A biochemical device to demystify a century-old thermodynamics puzzle from theoretical physics
One of the most important ideas in physics is that the entropy of a closed system cannot decrease. For the uninitiated, this concept is known as the Second Law of Thermodynamics. And one of the most famous thought experiments in physics, ‘Maxwell’s Demon’, is an idea devised to find a loophole in the second law.
Entropy is a measure of how uncertain the state of a system is. “Entropy doesn’t decrease in a closed system” is another way of saying that you will tend to become more uncertain about the state of a system over time, unless you interfere with it or measure it. Imagine, for example, a warm object in a cool environment. Heat will spread into the environment until the temperatures are equal. This is an increase in the total entropy because more molecular configurations are possible with the energy spread out than when the energy is concentrated in the object – you are therefore more uncertain about the microscopic state of the object and its environment.
But you can of course heat up an object to be warmer than its environment, so why doesn’t this contravene the second law? The answer is that you must consume resources to heat something, for example by burning gas. In the process, the gas and its environment go from a low entropy to a high entropy state, paying the price for pushing the object and its environment out of equilibrium.
Eventually, if left for long enough, closed systems will reach equilibrium; at this point the entropy is maximal, and we are as uncertain as possible about the system’s state.
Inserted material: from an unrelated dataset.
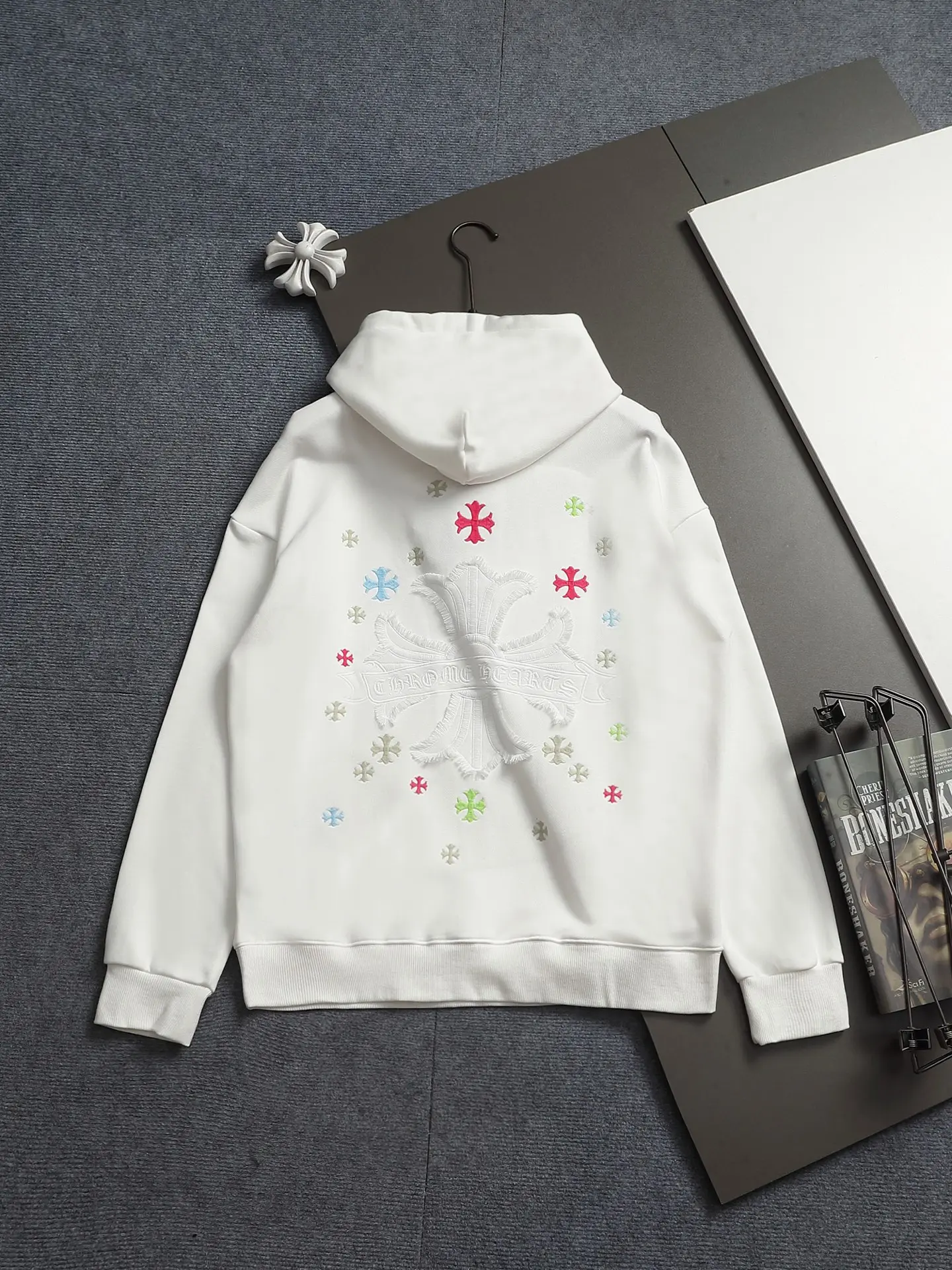Chrome Hearts Cross Embroidery Acid-Wash Hoodie D20023313 — view 13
Out-of-equilibrium systems, which have lower entropy, are potentially useful resources. Food, batteries and reservoirs of water behind a dam are all out of equilibrium. The low entropy of these resources that can be used to do what we call “useful work”, which is equivalent to reducing the entropy of other systems. In the process, the original non-equilibrium resources are consumed, just like the gas was in the example of heating an object.
Maxwell’s Demon and Szilard’s Engine
James Clerk Maxwell’s thought experiment was an exploration of the possibility that by measuring random fluctuations in equilibrium, and exploiting them through ‘feedback’, it might be possible to violate the second law.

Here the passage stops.